How we cite our quotes: (Chapter.Paragraph)
Quote #1
"With fairest flowers/Whilst summer last, and I live here, Fidele—" (1.1-2)
This is a quotation from Shakespeare's Cymbeline; the speaker is saying he'll put flowers on the grave of Fidele. It's a kind of eulogy, so you could see it as the narrator mourning, or eulogizing, Mariana. But Mariana isn't dead; she's just someone the narrator made up. So the quotation is also a tip off; the narrator is using a literary allusion to mourn, or memorialize, his own literary creation. (Also, it's just a fancy, flowery way to start off what's going to be a fancy, flowery story. You could see it as a warning; "if you don't like fancy and flowery, get out now.")
Quote #2
I cannot credit that the mettlesome poet, Byron, would have contentedly sat down with Bartleby to examine a law document of say five hundred pages, closely written in a crimpy hand. (2.20)
The romantic poet Byron was known for his adventurousness and unconventionality. He seems the opposite of the staid, boring Bartleby. But Bartleby won't examine law documents either. Maybe he's more Byronic than he looks.
Quote #3
Somehow of late, I had got into the way of involuntarily using this word "prefer" upon all sorts of not exactly suitable occasions. And I trembled to think that my contact with the scrivener had already and seriously affected me in a mental way. (2.116)
Bartleby is a sad sack as a writer—but on the other hand, he seems to have the gift of coining a memorable phrase. He should have been a pop song writer, maybe (though he'd probably prefer not to.)
Quote #4
Dead letters! Does it not sound like dead men? (2.251)
The dead letter office is for letters that are undeliverable. The narrator conflates that with actual dead people. This blurs the line between writing and reality—a line which gets smudgy in other places in the collection as well. Bartleby is character and writer; you could see him as writing himself, a self-penned letter that never gets delivered.
Quote #5
It was just the manner of one making up his tale for evil purposes, as he goes. (3.156)

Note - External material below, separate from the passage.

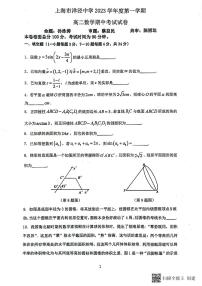上海市洋泾中学2023-2024学年高二上学期期中考试数学试卷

Don Benito is the inventor of the tale here—and he is in fact telling his story for evil purposes. The actual author of that story, though, is not Don Benito, but Babo. Don Benito is not only telling the story; he's a character in it.
Quote #6
"For they this tight the Rock of vile Reproach,
A dangerous and dreadful place,
To which nor fish nor fowl did once approach." (5.31)

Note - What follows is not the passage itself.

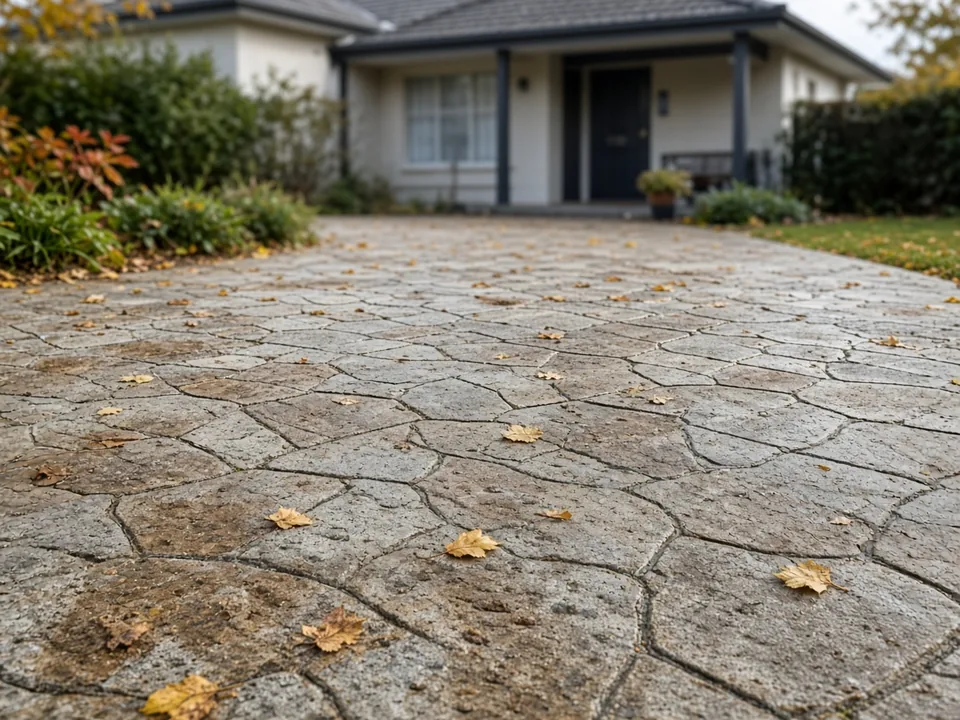 Illustrative image (not a Spotless job): Stamped Concrete Stain Removal in Berwick + South-East Melbourne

There are lots of quotations from Spenser's The Fairie Queene in "The Encantadas." They emphasize the fact that the Galapagos are strange, distant, and separate from every day experience, just like fairyland. At the same time, though, Spenser's rich fairy world is meant to contrast with the bleak, distant, blighted Galapagos.
Quote #7
A Pisgah View From the Rock (5.55)
Mount Pisgah is supposed to be the mountain Moses climbed to see the Promised Land. So this is an ironic or cutesy reference. You climb up to the top of a big rock in the Galapagos, and you don't see a land flowing with milk and honey, but a lot of barren rocks and a few tortoises.
Quote #8
"The island's mine by Sycorax my mother," said Oberlus to himself…. (5.181)

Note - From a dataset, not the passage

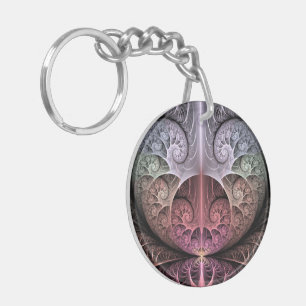 Heartbeat, Abstract Surreal Fantasy Fractal Art Key Ring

This is a reference to Shakespeare's The Tempest; the evil Caliban, who lived on the island, was the child of the witch Sycorax. So this is a complicated way of saying that Oberlus is a monster and a meany. He could have just said, "Oberlus is a monster and a meany," but Melville lives for the Shakespeare reference.
Quote #9
And though it may seem very strange to talk of post-offices in this barren region, yet post-offices are occasionally to be found there. They consist of a stake and a bottle. The letters being not only sealed, but corked… Frequently, however, long months and months, whole years glide by and no applicant appears. The stake rots and falls, presenting no very exhilarating object. (5.215)
This is another kind of dead letter office; little messages in bottles left throughout the Galapagos. Humans are trying to make the Galapagos theirs in part by writing on them. This is what Melville's doing too; he's writing on the Galapagos in this very story. His story lasted longer than those bottles with the sticks rotting away. That's why he's a great writer rather than some exiled pirate dude.
Quote #10
So the bell's main weakness was where man's blood had flawed it. And so pride went before the fall. (6.91)
Melville ends "The Bell Tower" with a proverb…or a cliché, if you're less charitable. Ending with a familiar moral like this makes "The Bell Tower" seem like a fable. It's not something that really happened, but an improving story, put together with maybe a little flaw at the end, like the flaw in the bell.